Il Xavi mostra al Fotografo la sua piantagione casalinga di germogli che occupa praticamente una stanza intera e mentre gli decanta i vantaggi dell’essiccatore casalingo ammette lui stesso di rischiare che la sua fidanzata lo cacci di casa.

Per fortuna questa è una storia a lieto fine, così una sera Il Xavi e la sua fidanzata sono venuti a cena a casa nostra e abbiamo scoperto che si adorano, condividono una vita di esperimenti alimentari, chiacchierano molto tutti e due e preparano cioccolatini deliziosi, al riparo da ogni senso di colpa.
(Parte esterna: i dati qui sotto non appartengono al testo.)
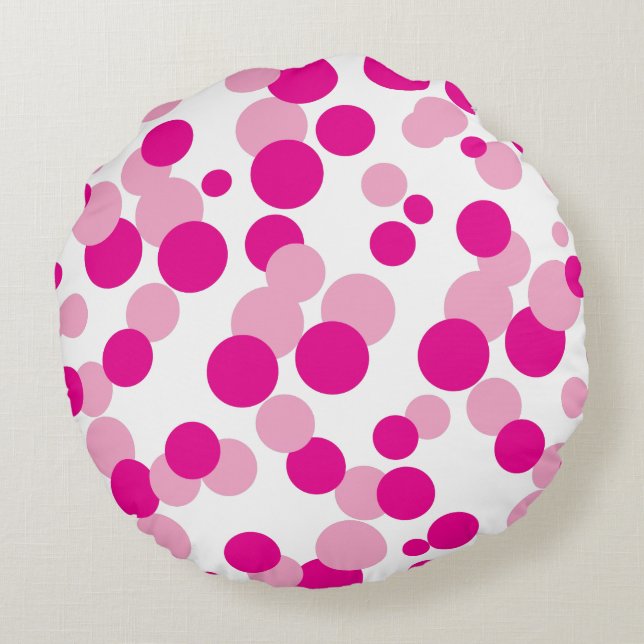 Bubbles roses Confetti Motif Coussin rond (Dos)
Le dosi sono un poco da cavallo ma potete facilmente frazionare.

1 kg olio di cocco
600 g cacao amaro in polvere
200 g carruba in polvere
1 cucchiaio di sciroppo di agave
15 gocce di olio essenziale di arancia

per il ripieno
alcune prugne secche o datteri freschi
alcune noci
qualche bacca di gogi
fave di cacao

Impasta l’olio di cocco con il cacao amaro, la carrubba in polvere, lo sciroppo di agave e l’olio essenziale di arancia fino a formare una pasta omogenea. Sistema negli stampini del ghiaccio il ripieno che preferisci e versa sopra l’impasto di cacao. lascia rapprendere in frigorifero per una notte.
Si conserva (a lungo) in frigorifero.